Oh, and the secret recipe for Sal’s sauce had come with the restaurant—a requirement added by iAm: During the negotiations that had lasted all of a minute and a half, the Shadow had spoken up and said no sauce, no deal. And he’d demanded a taste test to make sure the intel was right.

Since that happy transaction, the Moor had been running the place, and what do you know, it was turning a profit. Then again, that was what happened when you didn’t cleave off every spare dime and funnel it into piss-poor football picks. Traffic in the restaurant was up, food quality was back where it had been, and the place was getting a serious-ass face-lift in the form of new tables, chairs, linens, rugs, chandeliers.

All of which were replacements of exactly what had been there before.

You didn’t f*ck with tradition, as iAm said.

The only interior change was one nobody could see: A mesh of steel had been applied to every square inch of the walls and ceilings, and all the doors but one had been reinforced with the shit.

No one was dematerializing in or out unless management knew and approved.

Truth was, Rehv owned the place, but it was iAm’s baby, and the Moor had reason to be proud of his efforts. Even the old-school Italian goombahs liked the food he cooked.

Fifteen minutes later, the Bentley pulled up under the porte cochere of the sprawling one-story stretch of trademark red-washed brick. The lights were off around the building, even the ones that lit up Sal’s name, although the empty parking lot was illuminated with the orange glow from old-fashioned gaslights.

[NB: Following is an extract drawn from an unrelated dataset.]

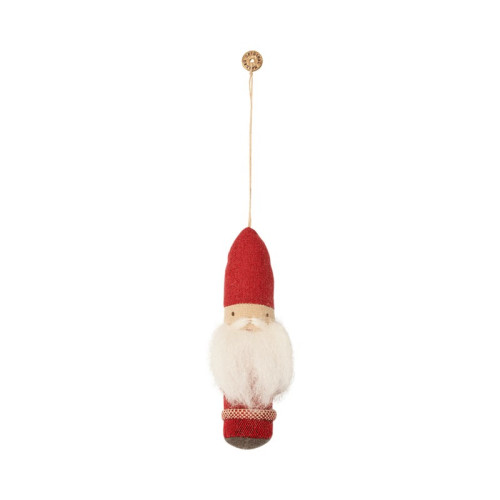 Świety Mikołaj - Bawełniana Dekoracja Bożonarodzeniowa - Santa Ornament - Maileg - Christmas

Trez waited in the dark with the engine running and the doors of the bulletproof car locked, clearly communicating with his brother in the Shadow way. After a moment he nodded and cut the motor.

“We’re cool.” He got out and walked around the Bentley, opening the rear door as Rehv palmed his cane and shifted his numb body off the leather seat. As the two of them crossed over the pavers and pulled wide the heavy black doors, the Moor’s gun was out and at his thigh.

Stepping into Sal’s was like walking into the Red Sea. Literally.

Frank Sinatra greeted them, his “Wives and Lovers” drifting down from speakers embedded in the red velvet ceiling. Underfoot, the red carpet had just been replaced, and it glowed with the same sheen and depth as freshly spilled human blood. All around, red walls were flocked with a black acanthus-leaf pattern and the lighting was what you’d find in a movie theater, i.e., mostly on the floor. During regular business hours, the hostess stand and the cloakroom were manned by gorgeous dark-haired women dressed in red and black short-and-tights, and all the waiters wore black suits with red ties.